Artikel 6.3. Informatie onverwijlde melding

[Regeling vervallen per 28-01-2022]

De houder van een vergunning voor het in de handel brengen van een diergeneesmiddel stelt de bevoegde autoriteit van een EER-lidstaat, waar zich een voorval heeft voorgedaan, in voorkomend geval de minister, onverwijld doch uiterlijk binnen 15 dagen in kennis van:

  • a. alle nieuwe informatie die kan leiden tot wijziging van de gegevens op grond waarvan de vergunning is verstrekt, in het bijzonder:

    • 1°. alle andere nieuwe informatie die op de beoordeling van de voordelen en risico’s van het gebruik van dat diergeneesmiddel van invloed kan zijn;

    • 2°. elke vermoedelijke ernstige bijwerking of bijwerking bij de mens die zich in Nederland of in een derde land voordoet en waarvan redelijkerwijs kan worden verwacht dat hij daarvan op de hoogte is of waarvan hij in kennis is gesteld;

    • 3°. elke vermoedelijke overdracht via een diergeneesmiddel van infectieuze stoffen die zich in een derde land voordoet en waarvan redelijkerwijs kan worden verwacht dat hij daarvan op de hoogte is of waarvan hij in kennis is gesteld;

  • b. elke door hem voorgenomen wijziging van de gegevens op grond waarvan de vergunning is verstrekt.

Artikel 6.4. Evaluatie

[Regeling vervallen per 28-01-2022]

  • 2 De evaluatie heeft tot doel wijzigingen in de fabricage- en controlemethoden aan te brengen die nodig zijn om te waarborgen dat het diergeneesmiddel volgens algemeen aanvaarde wetenschappelijke methoden wordt vervaardigd en gecontroleerd als bedoeld in artikel 2.13, onderdeel b, van het besluit.

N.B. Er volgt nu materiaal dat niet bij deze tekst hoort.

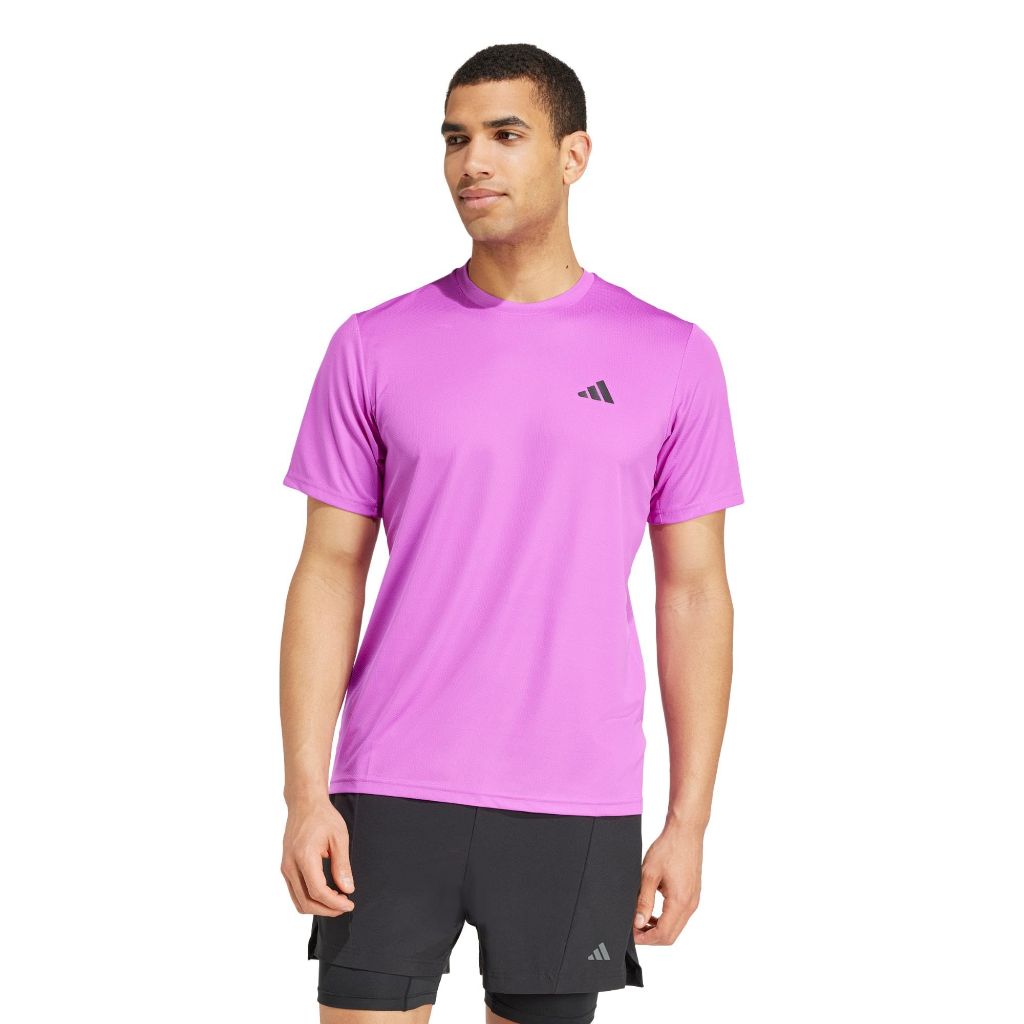 adidas Men's Train Essentials Training T-Shirt - Purple Burst/Black, Small
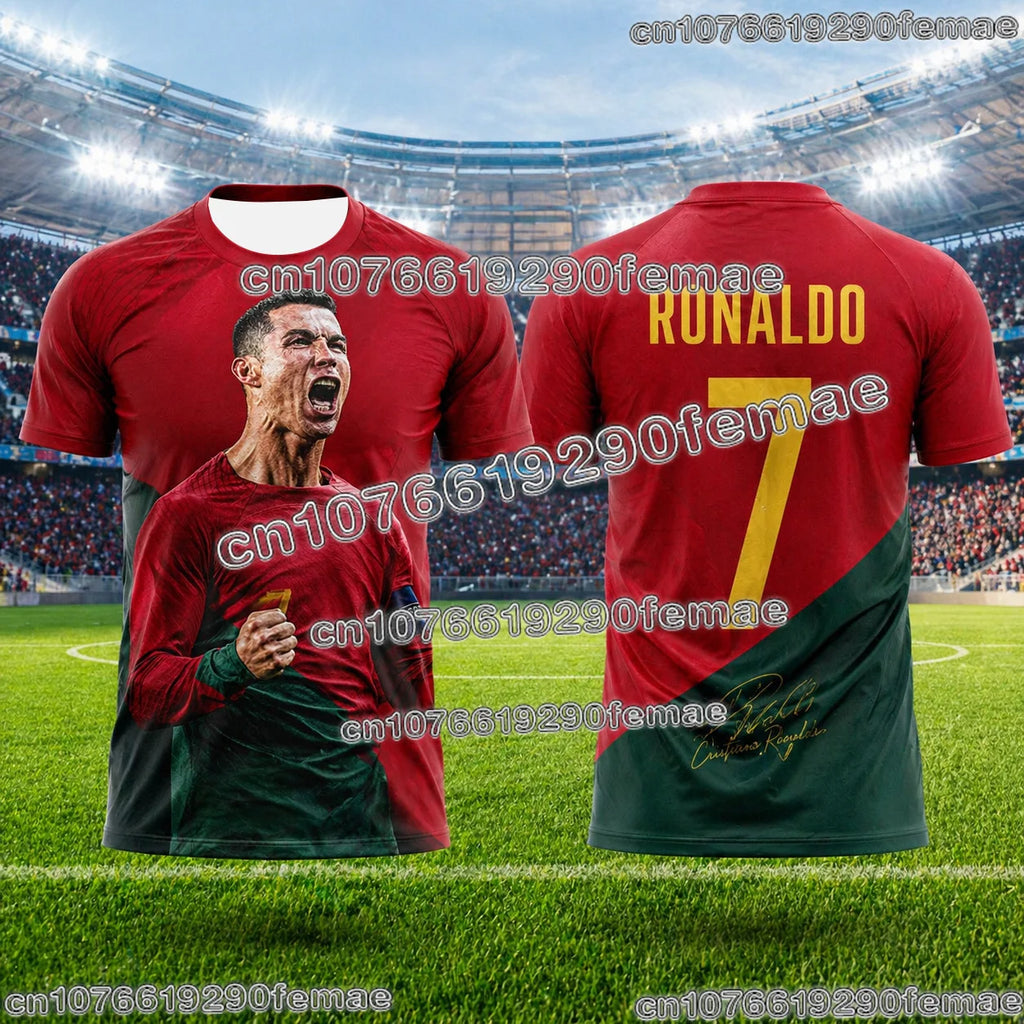 2026 New Ronaldo No.7 Football Jersey Oversized Breathable Training
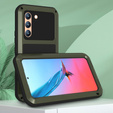 Etui Love Mei do Samsung Galaxy S22, pancerne ze szkłem, zielone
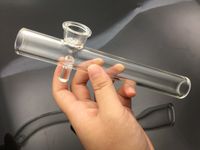 7 pollici alto spessore Steamroller vetro tubo di filtro in vetro tubo cucchiaio maniglia tubo di bruciatore a gasolio per l'erba asciutta con una ciotola di vetro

  • 3 Indien een evaluatie tot een wijziging van de fabricage- of controlemethoden leidt, neemt de houder van de vergunning voor het in de handel brengen alle maatregelen die noodzakelijk zijn voor wijziging van de gegevens die dienaangaande zijn vermeld in de documenten, bedoeld in artikel 2.3, eerste lid, van het besluit.

Artikel 6.5. Melding aan de minister door een dierenarts

[Regeling vervallen per 28-01-2022]

  • 1 Een dierenarts stelt de minister onverwijld doch uiterlijk binnen 15 dagen in kennis van elke vermoedelijk ernstige bijwerking, onverwachte bijwerking, of vermoedelijke bijwerking bij de mens, waaronder een verminderde werking of het ontbreken van de gestelde werking, bedoeld in artikel 2.19, derde lid, onderdeel a, onder 1°, bij toepassing van het diergeneesmiddel volgens de primaire verpakking of indien de toepassing niet op de primaire verpakking is vermeld de bijsluiter.

  • 2 In afwijking van het eerste lid kan de dierenarts de melding, bedoeld in het eerste lid, bij de houder van de vergunning voor het in handel brengen doen.

Hoofdstuk 7. Diervoeders met medicinale werking

[Regeling vervallen per 28-01-2022]

§ 1. Algemene regels

[Regeling vervallen per 28-01-2022]

Artikel 7.1. Lokalen voor opslag, bewaring of vervaardiging diervoeder met medicinale werking

[Regeling vervallen per 28-01-2022]

  • 1 Lokalen waarin voormengsels voor diervoeder met medicinale werking of diervoeders met medicinale werking worden opgeslagen, bewaard of vervaardigd zijn zodanig ingericht dat verschillende producten niet onbedoeld met elkaar in contact kunnen komen of verwisseld kunnen worden.

  • 2 De lokalen, bedoeld in het eerste lid, zijn zodanig ingericht dat opslagruimtes voor voormengsels voor diervoeder met medicinale werking of diervoeders met medicinale werking niet toegankelijk zijn voor het publiek.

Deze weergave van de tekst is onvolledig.